START Data supplied
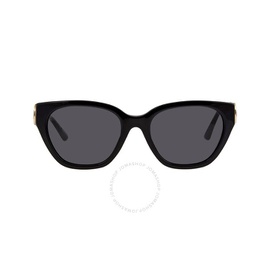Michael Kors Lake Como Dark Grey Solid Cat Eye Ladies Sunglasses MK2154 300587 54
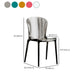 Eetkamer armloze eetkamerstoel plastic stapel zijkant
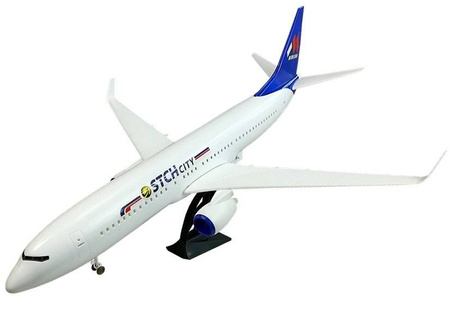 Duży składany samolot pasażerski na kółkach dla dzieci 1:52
END Data supplied
START Data supplied
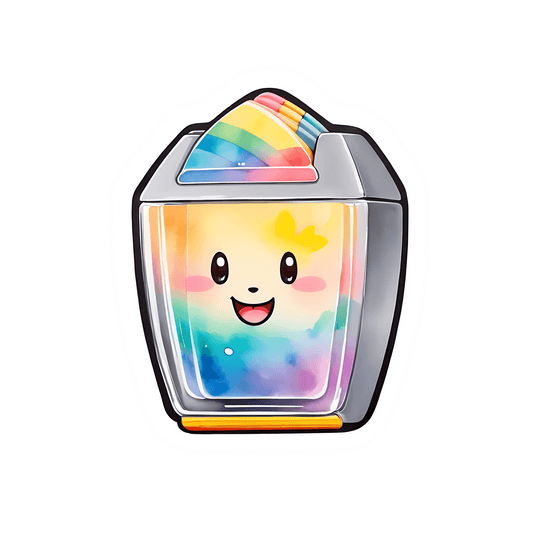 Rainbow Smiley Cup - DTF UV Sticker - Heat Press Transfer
END Data supplied
START Data supplied
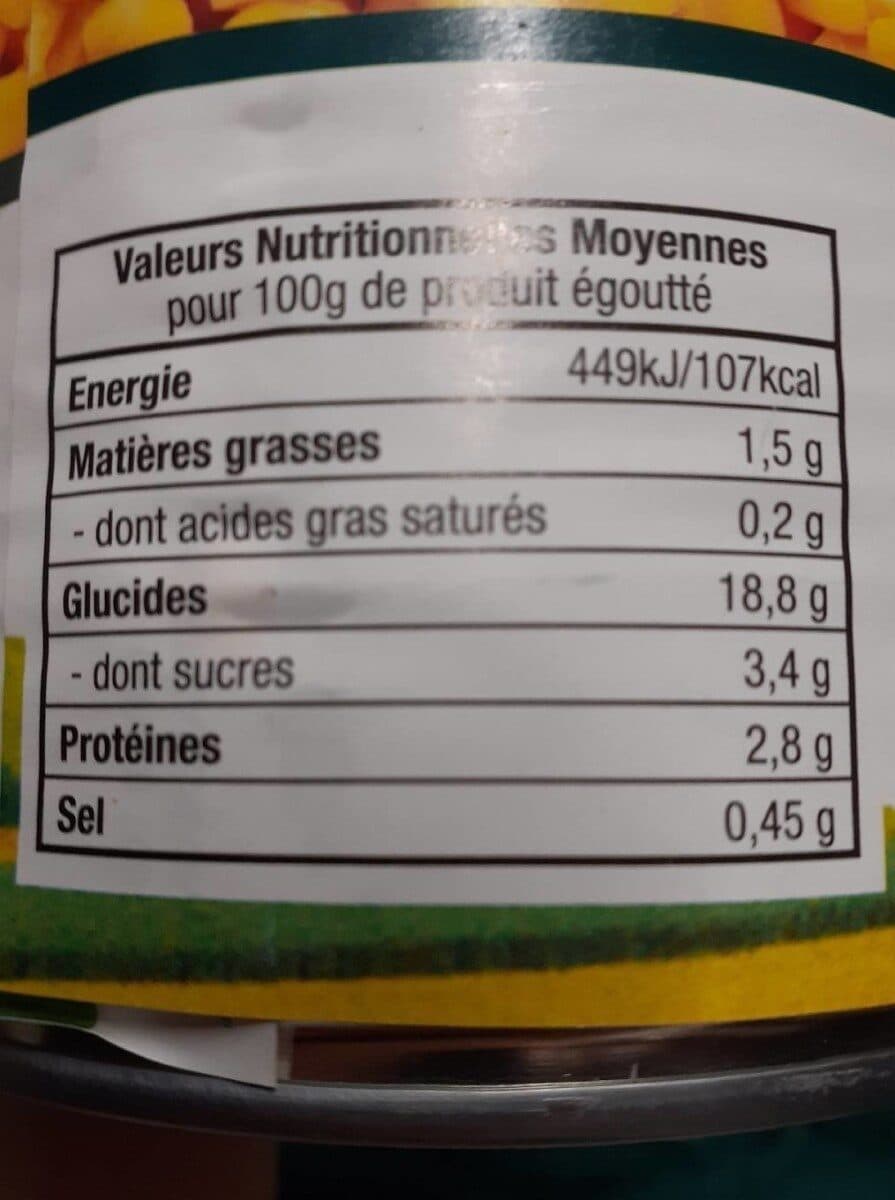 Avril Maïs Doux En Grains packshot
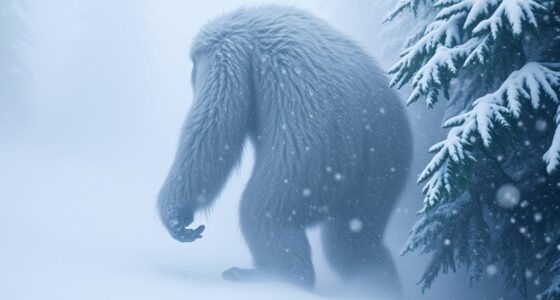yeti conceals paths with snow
END Data supplied
Each line above from the one containing "Michael Kors Lake" through the one containing "Duży składany samolot" is to be returned verbatim. Nothing else, and no pictures.

== Answer to the exercise ==
Michael Kors Lake Como Dark Grey Solid Cat Eye Ladies Sunglasses MK2154 300587 54
 Eetkamer armloze eetkamerstoel plastic stapel zijkant
 Duży składany samolot pasażerski na kółkach dla dzieci 1:52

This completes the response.